Have a Green Christmas with These Tips

There are several good ways to cut down on your use of wrapping paper and other perishable paper products at Christmas.

There are several good ways to cut down on your use of wrapping paper and other perishable paper products at Christmas.

From Thanksgiving to New Year’s Day, household waste increases by more than 25 percent according to the U.S. Environmental Protection Agency. Where do you think all this extra trash ends up? You got it, mostly in landfills. An additional one million tons of waste hits American landfills every WEEK of the holiday season. It’s mainly food, shopping bags, product packaging and wrapping paper.

Your San Diego Eco-Warrior is here with a few tips from Good Earth Plants to help you do your part to recycle, reduce and reuse.
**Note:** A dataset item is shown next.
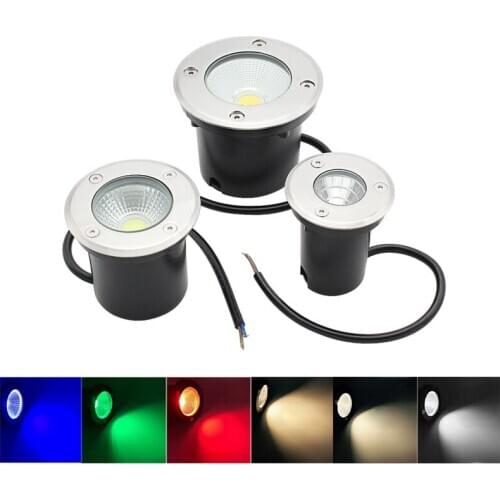 P67ac85v-256v outdoor cob white yellow red green blue color spotlight buried lamp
Consider it your Christmas gift to Mother Nature.

Let your fingers do the shopping. Don’t drive aimlessly from mall to mall browsing and burning up fossil fuels. Do your homework online first, then minimize your driving by going directly to your destination. If you have several errands in the same area, try to take care of them all during the same trip.
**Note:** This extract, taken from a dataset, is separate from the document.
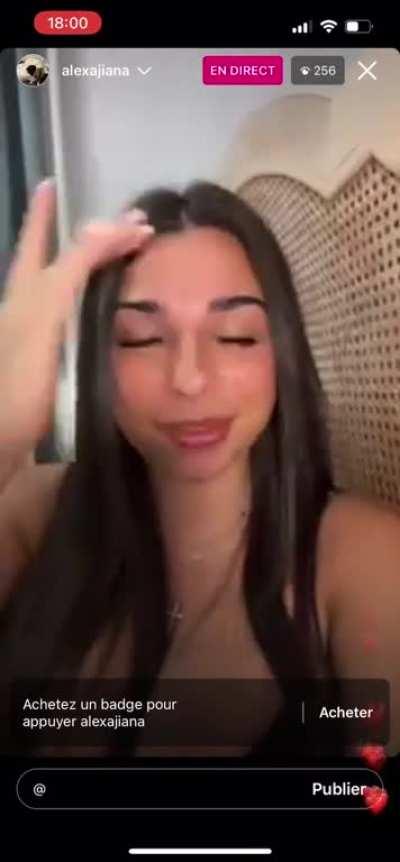 Alexajiana live ig 02/03/23 part 2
Do your part to reduce your use of paper, energy, and food waste during the holidays.

Do your part to reduce your use of paper, energy, and food waste during the holidays.

Cut down on the paper. We use a lot of paper during the holidays. If everyone sent just one less Christmas card in the U.S., 50,000 cubic yards of paper would be saved. Do you really need to send a card to a former co-worker you haven’t seen in five years? Update and pare down your holiday mailing list, and you’ll save time and money.

Wrapping presents takes a lot of paper, too. Think of alternatives to new wrapping paper. Gift bags that can be recycled every year. Have your kids decorate tote bags that can be used as shopping bags the rest of the year. Use recycled comics from the newspaper, old maps, or your kids’ art projects (if you can bear to part with them). Tie presents up in dish towels or fabric remnants with ribbon. Try not to wrap oversized presents at all. A big bow will do. At the very least, buy wrapping paper made from recycled products.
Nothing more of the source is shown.